A few weeks later I tried again. The body's been discovered, I reasoned, presumably we move on to the adults.  Yes . . . we do meet Our Hero, Fin Macleod, but we quickly discover that he and his wife are in a pretty bad state, mourning the recent death of their eight-year-old son in a hit-and-run car accident.  Kid-trauma, yeah, book closed a second time. 

Curiously - and unusually - NOT gripped by Philip Kerr's latest, Field Grey, I figured I'd give ol' Fin and his troubles one more try.  This time I was hooked, fought it a bit, but finally reeled in. 

Fin Macleod, Lewis native but current resident of Edinburgh, is sent back to the island to investigate the murder of a former acquaintance because the M.O. is suspiciously similar to a murder he's been investigating in Edinburgh.  It turns out that while Fin has only been back to Lewis once in the past 18 years, his roots there are deep and complicated.  He's moved on while most of his erstwhile acquaintances have cleaved closer to the austere, god-fearing, traditional life of the island.  The church dominates all, and while the traditional livelihoods of fishing, weaving, and crofting survive, they aren't as lucrative as they once were and many men work in the offshore oil or other small, barely surviving industries.  They're generally depressed, but it's what they know, and they make the best of it.  Fin got out, as it were, but it's clear that he isn't happy and therein lies our tale.
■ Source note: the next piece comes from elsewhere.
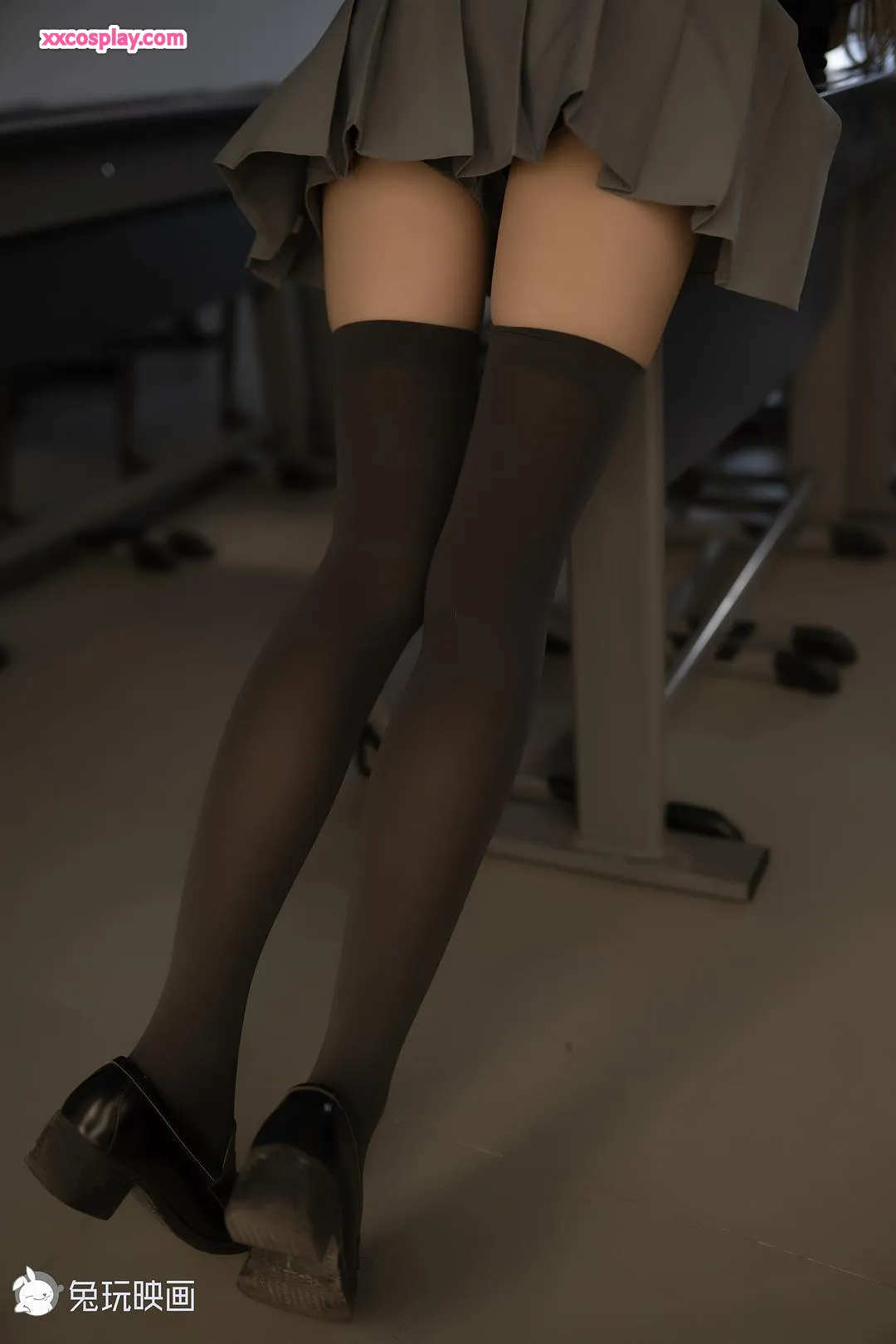 兔玩映画：下课后趴桌子诱惑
The unraveling of the murder takes place in installments, alternating with episodes from Fin's past, each one progressively more dramatic and revealing yet another aspect of life on Lewis, as well as key bits in the lives of the victim and others connected to him and to Fin.  These start in Fin's childhood, and while I found them a bit tedious at the start - clearly bad things were going to happen, but did I have the stamina to get through all 475 pages to find out? - well, they grew on me.  The best one concerns the annual guga hunt, a real event that actually takes place on Lewis.  Every year, a group of men from the island spent two weeks harvesting gannet chicks from an uninhabitable rock miles out in the ocean, called An Sgeir.  The chicks are taken from nests, beheaded, processed, then preserved in salt, and are considered a local delicacy.  The hunt commemorates a famine a few centuries earlier when the men from the island saved themselves by going to the rock, as it is known, for the fowl.  It's brutally hard work, dangerous, and steeped in tradition.  The description of Fin's one and only hunt is magnificent, and makes a spectacular centerpiece to the story. 
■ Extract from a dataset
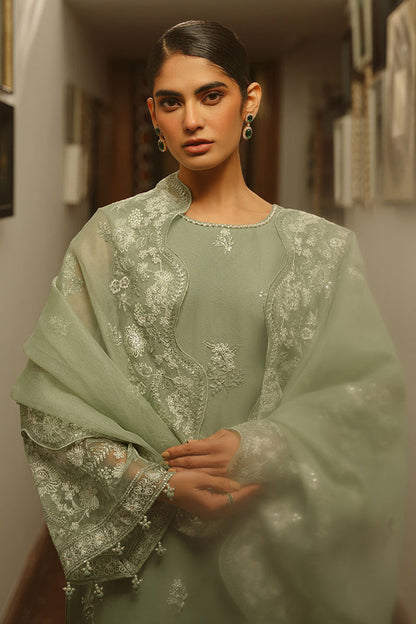 Cross Stitch | Luxe Atelier 25 | GREEN LILY L Mint Green Organza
What's a blackhouse?  An older, stone dwelling, used by the local population for housing themselves and their beasts, before they started building the whitewashed houses that we see as more characteristic today of the area.  The dramatic climax of the story takes place in one on An Sgeir. 
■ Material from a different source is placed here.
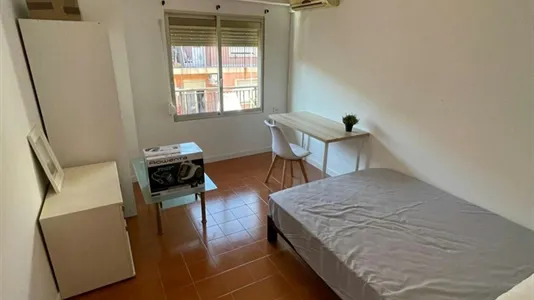 Rooms in Valencia Extramurs - photo 1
The writing here is fine - nothing special, but not at all distracting either, and given the complexity of the plot, that is a real accomplishment.  That you don't ever feel confused or need to look back to figure out what is going on is a real testament to May's dexterous handling of the many past and present plot threads.  I'd place The Blackhouse squarely in the bleak-northern-UK category of Anne Cleeves, but better.  Less angst on the part of Our Hero (at least, for most of the story) and the love interest is treated pretty lightly which I like.  Like Cleeves, the setting is a star - the dramatic landscape, foul weather alternating with sun, and the omnipresent sea.  It's clear that deep research, carefully deployed, is a hallmark of May's work.  A prolific writer, May has a series set in China, and apparently is the only westerner to be made an honorary member of the Chinese Crime Writer's Association.  I look forward to delving deeper into his oeuvre.